The entries below contain a line with "Here I have" and a line with "After pouring the". Retype exactly everything from the first down to the second, both included, and nothing else.

- [Supplied material]
%%
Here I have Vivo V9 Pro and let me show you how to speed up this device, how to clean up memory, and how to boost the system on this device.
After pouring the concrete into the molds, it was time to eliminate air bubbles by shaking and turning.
%%
%%
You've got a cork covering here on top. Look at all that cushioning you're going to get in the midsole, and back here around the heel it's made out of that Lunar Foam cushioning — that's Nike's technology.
%%
%%
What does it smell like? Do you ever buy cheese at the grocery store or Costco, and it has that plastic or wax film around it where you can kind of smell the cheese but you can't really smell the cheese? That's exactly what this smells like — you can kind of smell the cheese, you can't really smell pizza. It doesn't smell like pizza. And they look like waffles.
%%
- [Finished task]
Here I have Vivo V9 Pro and let me show you how to speed up this device, how to clean up memory, and how to boost the system on this device.
After pouring the concrete into the molds, it was time to eliminate air bubbles by shaking and turning.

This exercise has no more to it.